Unfortunately a lot of affiliates create squeeze pages and newsletter lists and then either bombard their list with spammy sales pitches (which ensure that people quickly unsubscribe), or they insult the intelligence of their list with poorly written, uninteresting emails, which is also a fast-track to making readers unsubscribe.
If you're going to build a squeeze page then, you must ensure that you're able to deliver top quality, valuable content to your readers that will keep them opening emails and paying attention to what you're saying - after all, you can't expose your readers to marketing messages if they're not even opening your emails!
If you are going to use a squeeze page, you need to be prepared to commit the necessary time and money to create a good quality newsletter series with punch. Fortunately, you don't necessarily need to write the emails yourself - Mark Ling recommends hiring local university students to write your articles for you; they're usually good at researching and writing and so quality tends to be higher than Upwork (which, we've found, can be a bit hit-and-miss), plus they are reasonably cheap compared with professional writers.

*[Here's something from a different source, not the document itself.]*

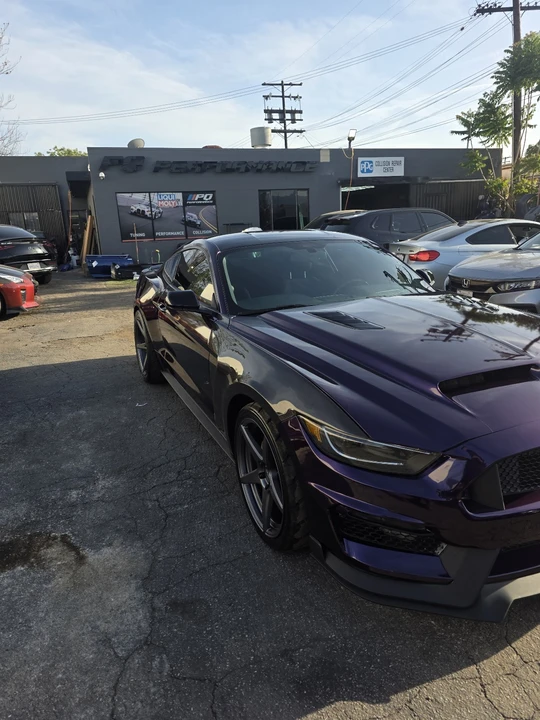 2015 Ford S550 Mustang - Image 3 of 12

At this point you could be thinking: well that's great that there are several different landing pages to choose from — but how do I know which one I should choose?
In general, we prefer the review-style page because it lets you know a lot faster (and without forking out much cash), whether your campaign is working or not.
On the other hand, squeeze pages give you a better return in the long run, but they take quite a while to set up. All in all it could be 2 to 3 months before you start getting results.
But apart from time and cost factors, you also need to think about what's right for your market.
For instance, not every market suits a mailing list - in one Affilorama interview we did a while back, we discussed the amusing proposition of writing a newsletter series about mattresses. It's hard to see that there would be many takers! Reviews would clearly be much more appropriate for this market.
That said, it's possible to combine the review and the squeeze successfully. Some affiliates put their reviews at the top of the page and add a squeeze box below. Then if people don't click through on the reviews, they might decide to sign up for the newsletter.
In this lesson we took a look at creating effective landing pages for your PPC campaigns. We've looked at three main types including:
Remember, not every page is suitable for every market, so evaluate the time and cost of setting up the page against the potential return from the market, as well as whether the actual page is appropriate to the market.